Implanted animals and recording experiments: (a) Chronic decerebrate frog with laminectomy and mounted electrode (freely moving). The frog had a chronic BMEP implanted, which had the 22 channels with 12.7μm Nichrome wires, into the spinal cord. The tether of BMEP was fixed to the muscle with 5-0 silk suture at two positions. (b) Acute decerebrate rat with electrodes in place in spinal cord. The rat had the acute BMEP implanted into the spinal cord. The EIB is on the multiple EIB holder at the left bottom. The golden shining line in the air between the EIB and the spinal cord is the tether of BMEP. In this test, we used a 12 channel BMEP with 9.6μm Nichrome wires. (c) Neural spikes from the data recorded from one freely moving decerebrate frog’s spinal cord. 3 different types of spikes sorted by the K-mean sorting algorithm are shown. (d) We obtained the same types of sorted spikes consistently across 2 consecutive days. (e) The continuous signal and spikes recorded from rat’s spinal cord with the 12 channel BMEP with 9.6μm Nichrome wires. The red lines are the positions of sorted spikes shown in (f). (f) Sorted spikes in the rat. Spikes were sorted by the K-mean sorting algorithm. The average peak-to-peak voltage of the spikes was 166.4μV (at SNR = 5.4).

2.3.3. Rat Experiment

The purpose of this experiment was to record neural activity from the spinal cord during airstepping locomotion evoked by stimulation of the mesencephalic locomotor region (MLR) in decerebrate rats.
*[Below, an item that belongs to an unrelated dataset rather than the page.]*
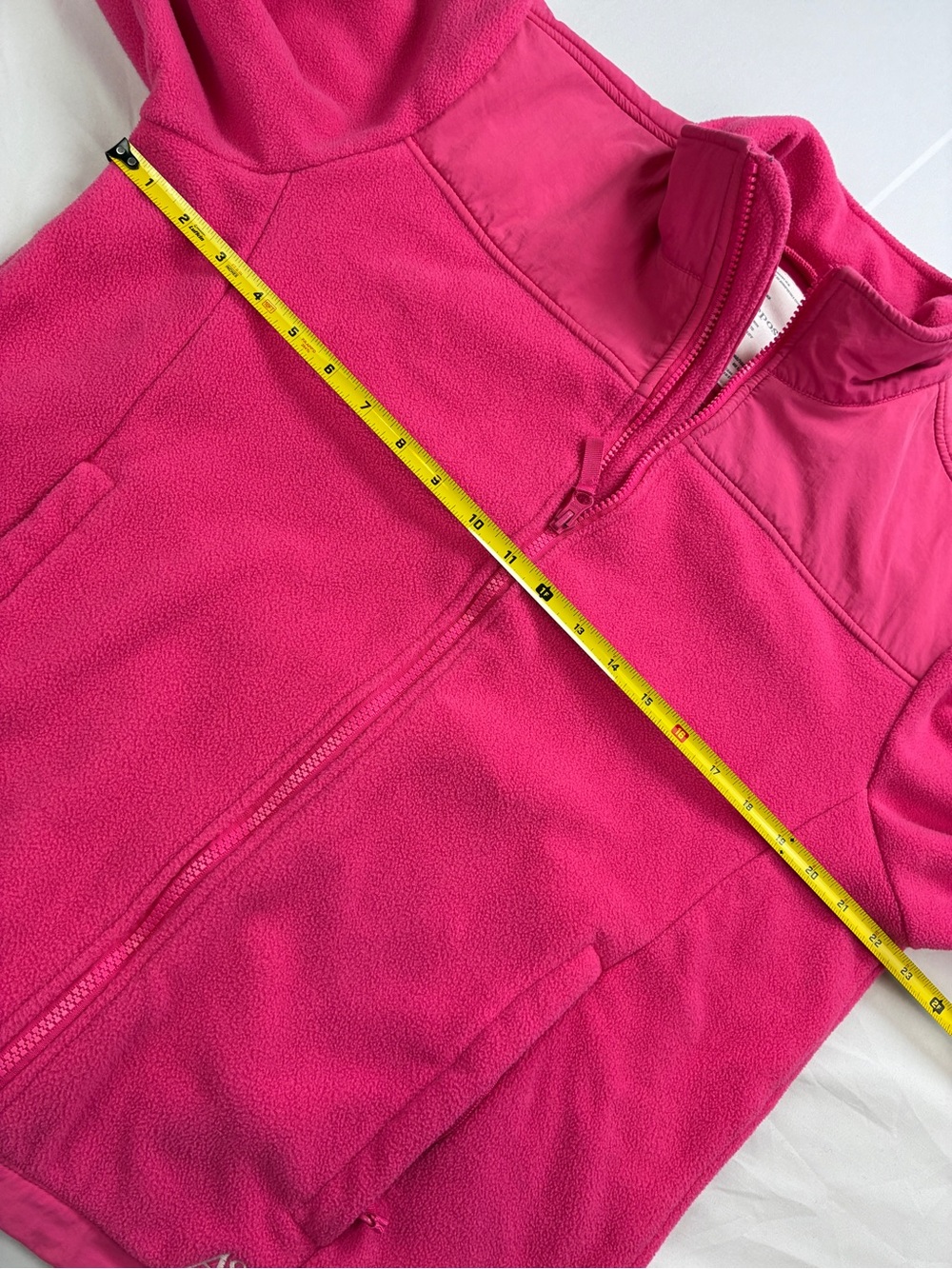 Aeropostale XL Bright Hot Pink Full-Zip Thick Fleece Jacket - Picture 5 of 11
For this, we used 12-channel BMEPs made of 9.6μm Nichrome wires with a braid length of 1.5mm and a tether length of 8cm. A tungsten electrode was inserted into the brain for MLR stimulation after decerebration and laminectomy, and then the BMEP was inserted into the spinal cord. The rat was mounted on a custom stereotaxic frame and only the head and pelvis were fixed to let the rat’s body and fore & hind limbs move freely. The head was fixed with ear bars and a mouth piece and the pelvis was fixed to a metal bar through a preinstalled, custom pelvic implant. Recording was performed for 30 seconds during MLR stimulation.

3. Results

3.1. Bending forces of microelectrodes

3.1.1. Bending forces of electrode bodies

The averages of the voltage changes recorded during the bending test were calculated and converted to bending forces using equation (1). The bending forces were converted to bending stiffnesses using equation (2). To compare the 50μm single wire with the BMEPs, we calculated the relative compliance ratio (RCR) by dividing the BS of a 50μm single wire by the BS of the BMEP. The results are shown in table 1 and figure 5.

Table 1.

Bending force and stiffness of electrode bodies by 500μm lateral deflection at 4mm.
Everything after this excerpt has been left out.